> What is needed: A verbatim transcription of every record below is required.

> Listed records:













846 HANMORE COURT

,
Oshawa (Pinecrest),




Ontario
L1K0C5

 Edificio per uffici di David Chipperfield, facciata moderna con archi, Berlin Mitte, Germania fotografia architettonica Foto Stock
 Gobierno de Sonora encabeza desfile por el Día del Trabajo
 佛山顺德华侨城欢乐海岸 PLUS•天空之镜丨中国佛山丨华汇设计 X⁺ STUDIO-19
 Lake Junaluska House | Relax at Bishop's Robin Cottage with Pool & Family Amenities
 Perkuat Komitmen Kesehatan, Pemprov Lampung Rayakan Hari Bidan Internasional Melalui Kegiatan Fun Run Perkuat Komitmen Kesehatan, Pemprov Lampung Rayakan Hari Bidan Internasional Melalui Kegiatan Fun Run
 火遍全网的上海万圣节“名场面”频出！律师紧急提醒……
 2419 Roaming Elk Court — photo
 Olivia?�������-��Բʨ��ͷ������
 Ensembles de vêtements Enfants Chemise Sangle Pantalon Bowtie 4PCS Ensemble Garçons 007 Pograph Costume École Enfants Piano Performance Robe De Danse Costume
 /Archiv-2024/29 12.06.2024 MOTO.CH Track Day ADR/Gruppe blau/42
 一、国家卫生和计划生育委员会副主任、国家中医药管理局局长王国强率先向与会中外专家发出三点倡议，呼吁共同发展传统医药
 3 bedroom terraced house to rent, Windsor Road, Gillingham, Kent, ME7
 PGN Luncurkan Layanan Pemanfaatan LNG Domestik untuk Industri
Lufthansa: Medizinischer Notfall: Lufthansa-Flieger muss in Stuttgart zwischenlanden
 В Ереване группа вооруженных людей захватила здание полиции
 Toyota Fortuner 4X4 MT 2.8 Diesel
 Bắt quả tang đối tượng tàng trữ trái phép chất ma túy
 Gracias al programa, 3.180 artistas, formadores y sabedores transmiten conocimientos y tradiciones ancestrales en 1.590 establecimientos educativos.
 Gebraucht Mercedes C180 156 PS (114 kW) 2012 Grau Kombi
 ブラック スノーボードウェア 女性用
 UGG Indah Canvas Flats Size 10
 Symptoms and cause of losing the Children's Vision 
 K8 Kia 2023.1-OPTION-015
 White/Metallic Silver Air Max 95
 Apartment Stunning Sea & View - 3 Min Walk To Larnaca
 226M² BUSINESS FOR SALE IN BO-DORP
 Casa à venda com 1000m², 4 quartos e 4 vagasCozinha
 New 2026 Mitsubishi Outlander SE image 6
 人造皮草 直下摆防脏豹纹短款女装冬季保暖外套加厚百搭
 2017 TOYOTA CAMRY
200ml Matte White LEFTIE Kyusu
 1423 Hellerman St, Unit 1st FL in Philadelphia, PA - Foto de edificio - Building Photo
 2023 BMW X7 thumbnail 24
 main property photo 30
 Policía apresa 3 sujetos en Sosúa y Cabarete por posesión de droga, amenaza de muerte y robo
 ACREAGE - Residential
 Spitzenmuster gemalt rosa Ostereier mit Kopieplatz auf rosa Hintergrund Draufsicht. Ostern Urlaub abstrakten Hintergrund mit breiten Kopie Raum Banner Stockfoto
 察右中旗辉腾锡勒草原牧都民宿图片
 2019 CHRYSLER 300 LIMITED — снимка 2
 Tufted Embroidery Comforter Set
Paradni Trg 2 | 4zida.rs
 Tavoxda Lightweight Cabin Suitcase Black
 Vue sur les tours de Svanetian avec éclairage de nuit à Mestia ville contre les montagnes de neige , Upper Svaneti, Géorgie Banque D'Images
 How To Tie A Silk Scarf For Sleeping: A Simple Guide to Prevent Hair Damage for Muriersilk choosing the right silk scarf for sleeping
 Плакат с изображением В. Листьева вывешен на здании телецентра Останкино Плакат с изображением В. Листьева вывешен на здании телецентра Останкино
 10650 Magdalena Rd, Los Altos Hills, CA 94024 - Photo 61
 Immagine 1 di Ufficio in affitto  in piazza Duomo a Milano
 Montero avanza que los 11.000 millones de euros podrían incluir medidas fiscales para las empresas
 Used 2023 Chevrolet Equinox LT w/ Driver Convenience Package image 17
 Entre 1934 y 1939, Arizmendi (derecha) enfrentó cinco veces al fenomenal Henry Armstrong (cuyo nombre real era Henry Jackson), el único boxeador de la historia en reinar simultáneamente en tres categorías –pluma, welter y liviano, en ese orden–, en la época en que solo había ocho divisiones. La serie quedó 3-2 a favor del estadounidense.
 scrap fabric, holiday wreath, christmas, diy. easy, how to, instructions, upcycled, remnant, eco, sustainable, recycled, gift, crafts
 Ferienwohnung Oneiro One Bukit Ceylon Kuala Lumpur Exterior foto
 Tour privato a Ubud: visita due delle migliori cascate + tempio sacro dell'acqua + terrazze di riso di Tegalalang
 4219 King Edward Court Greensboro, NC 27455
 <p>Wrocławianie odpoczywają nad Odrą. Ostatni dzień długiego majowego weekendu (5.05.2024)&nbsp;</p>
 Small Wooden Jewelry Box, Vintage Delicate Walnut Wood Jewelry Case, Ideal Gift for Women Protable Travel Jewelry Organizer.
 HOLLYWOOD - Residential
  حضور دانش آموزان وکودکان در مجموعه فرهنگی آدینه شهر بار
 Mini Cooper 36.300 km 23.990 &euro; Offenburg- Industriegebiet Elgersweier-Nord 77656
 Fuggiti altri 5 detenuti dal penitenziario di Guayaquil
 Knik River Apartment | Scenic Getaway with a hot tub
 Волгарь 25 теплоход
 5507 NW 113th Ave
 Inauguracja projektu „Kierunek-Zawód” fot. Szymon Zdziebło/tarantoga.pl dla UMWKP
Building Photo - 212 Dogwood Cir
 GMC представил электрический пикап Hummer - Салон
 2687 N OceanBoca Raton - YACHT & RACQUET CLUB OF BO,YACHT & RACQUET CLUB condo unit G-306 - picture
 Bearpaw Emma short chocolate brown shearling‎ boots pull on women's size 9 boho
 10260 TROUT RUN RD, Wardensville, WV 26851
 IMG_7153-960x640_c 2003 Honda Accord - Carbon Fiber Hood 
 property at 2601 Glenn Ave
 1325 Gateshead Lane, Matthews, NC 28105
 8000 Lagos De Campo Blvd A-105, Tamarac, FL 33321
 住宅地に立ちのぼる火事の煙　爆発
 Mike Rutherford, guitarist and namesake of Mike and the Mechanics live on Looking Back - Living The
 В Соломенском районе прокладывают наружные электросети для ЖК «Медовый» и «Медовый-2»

> Reply to the task:
846 HANMORE COURT

,
Oshawa (Pinecrest),




Ontario
L1K0C5

 Edificio per uffici di David Chipperfield, facciata moderna con archi, Berlin Mitte, Germania fotografia architettonica Foto Stock
 Gobierno de Sonora encabeza desfile por el Día del Trabajo
 佛山顺德华侨城欢乐海岸 PLUS•天空之镜丨中国佛山丨华汇设计 X⁺ STUDIO-19
 Lake Junaluska House | Relax at Bishop's Robin Cottage with Pool & Family Amenities
 Perkuat Komitmen Kesehatan, Pemprov Lampung Rayakan Hari Bidan Internasional Melalui Kegiatan Fun Run Perkuat Komitmen Kesehatan, Pemprov Lampung Rayakan Hari Bidan Internasional Melalui Kegiatan Fun Run
 火遍全网的上海万圣节“名场面”频出！律师紧急提醒……
 2419 Roaming Elk Court — photo
 Olivia?�������-��Բʨ��ͷ������
 Ensembles de vêtements Enfants Chemise Sangle Pantalon Bowtie 4PCS Ensemble Garçons 007 Pograph Costume École Enfants Piano Performance Robe De Danse Costume
 /Archiv-2024/29 12.06.2024 MOTO.CH Track Day ADR/Gruppe blau/42
 一、国家卫生和计划生育委员会副主任、国家中医药管理局局长王国强率先向与会中外专家发出三点倡议，呼吁共同发展传统医药
 3 bedroom terraced house to rent, Windsor Road, Gillingham, Kent, ME7
 PGN Luncurkan Layanan Pemanfaatan LNG Domestik untuk Industri
Lufthansa: Medizinischer Notfall: Lufthansa-Flieger muss in Stuttgart zwischenlanden
 В Ереване группа вооруженных людей захватила здание полиции
 Toyota Fortuner 4X4 MT 2.8 Diesel
 Bắt quả tang đối tượng tàng trữ trái phép chất ma túy
 Gracias al programa, 3.180 artistas, formadores y sabedores transmiten conocimientos y tradiciones ancestrales en 1.590 establecimientos educativos.
 Gebraucht Mercedes C180 156 PS (114 kW) 2012 Grau Kombi
 ブラック スノーボードウェア 女性用
 UGG Indah Canvas Flats Size 10
 Symptoms and cause of losing the Children's Vision 
 K8 Kia 2023.1-OPTION-015
 White/Metallic Silver Air Max 95
 Apartment Stunning Sea & View - 3 Min Walk To Larnaca
 226M² BUSINESS FOR SALE IN BO-DORP
 Casa à venda com 1000m², 4 quartos e 4 vagasCozinha
 New 2026 Mitsubishi Outlander SE image 6
 人造皮草 直下摆防脏豹纹短款女装冬季保暖外套加厚百搭
 2017 TOYOTA CAMRY
200ml Matte White LEFTIE Kyusu
 1423 Hellerman St, Unit 1st FL in Philadelphia, PA - Foto de edificio - Building Photo
 2023 BMW X7 thumbnail 24
 main property photo 30
 Policía apresa 3 sujetos en Sosúa y Cabarete por posesión de droga, amenaza de muerte y robo
 ACREAGE - Residential
 Spitzenmuster gemalt rosa Ostereier mit Kopieplatz auf rosa Hintergrund Draufsicht. Ostern Urlaub abstrakten Hintergrund mit breiten Kopie Raum Banner Stockfoto
 察右中旗辉腾锡勒草原牧都民宿图片
 2019 CHRYSLER 300 LIMITED — снимка 2
 Tufted Embroidery Comforter Set
Paradni Trg 2 | 4zida.rs
 Tavoxda Lightweight Cabin Suitcase Black
 Vue sur les tours de Svanetian avec éclairage de nuit à Mestia ville contre les montagnes de neige , Upper Svaneti, Géorgie Banque D'Images
 How To Tie A Silk Scarf For Sleeping: A Simple Guide to Prevent Hair Damage for Muriersilk choosing the right silk scarf for sleeping
 Плакат с изображением В. Листьева вывешен на здании телецентра Останкино Плакат с изображением В. Листьева вывешен на здании телецентра Останкино
 10650 Magdalena Rd, Los Altos Hills, CA 94024 - Photo 61
 Immagine 1 di Ufficio in affitto  in piazza Duomo a Milano
 Montero avanza que los 11.000 millones de euros podrían incluir medidas fiscales para las empresas
 Used 2023 Chevrolet Equinox LT w/ Driver Convenience Package image 17
 Entre 1934 y 1939, Arizmendi (derecha) enfrentó cinco veces al fenomenal Henry Armstrong (cuyo nombre real era Henry Jackson), el único boxeador de la historia en reinar simultáneamente en tres categorías –pluma, welter y liviano, en ese orden–, en la época en que solo había ocho divisiones. La serie quedó 3-2 a favor del estadounidense.
 scrap fabric, holiday wreath, christmas, diy. easy, how to, instructions, upcycled, remnant, eco, sustainable, recycled, gift, crafts
 Ferienwohnung Oneiro One Bukit Ceylon Kuala Lumpur Exterior foto
 Tour privato a Ubud: visita due delle migliori cascate + tempio sacro dell'acqua + terrazze di riso di Tegalalang
 4219 King Edward Court Greensboro, NC 27455
 <p>Wrocławianie odpoczywają nad Odrą. Ostatni dzień długiego majowego weekendu (5.05.2024)&nbsp;</p>
 Small Wooden Jewelry Box, Vintage Delicate Walnut Wood Jewelry Case, Ideal Gift for Women Protable Travel Jewelry Organizer.
 HOLLYWOOD - Residential
  حضور دانش آموزان وکودکان در مجموعه فرهنگی آدینه شهر بار
 Mini Cooper 36.300 km 23.990 &euro; Offenburg- Industriegebiet Elgersweier-Nord 77656
 Fuggiti altri 5 detenuti dal penitenziario di Guayaquil
 Knik River Apartment | Scenic Getaway with a hot tub
 Волгарь 25 теплоход
 5507 NW 113th Ave
 Inauguracja projektu „Kierunek-Zawód” fot. Szymon Zdziebło/tarantoga.pl dla UMWKP
Building Photo - 212 Dogwood Cir
 GMC представил электрический пикап Hummer - Салон
 2687 N OceanBoca Raton - YACHT & RACQUET CLUB OF BO,YACHT & RACQUET CLUB condo unit G-306 - picture
 Bearpaw Emma short chocolate brown shearling‎ boots pull on women's size 9 boho
 10260 TROUT RUN RD, Wardensville, WV 26851
 IMG_7153-960x640_c 2003 Honda Accord - Carbon Fiber Hood 
 property at 2601 Glenn Ave
 1325 Gateshead Lane, Matthews, NC 28105
 8000 Lagos De Campo Blvd A-105, Tamarac, FL 33321
 住宅地に立ちのぼる火事の煙　爆発
 Mike Rutherford, guitarist and namesake of Mike and the Mechanics live on Looking Back - Living The
 В Соломенском районе прокладывают наружные электросети для ЖК «Медовый» и «Медовый-2»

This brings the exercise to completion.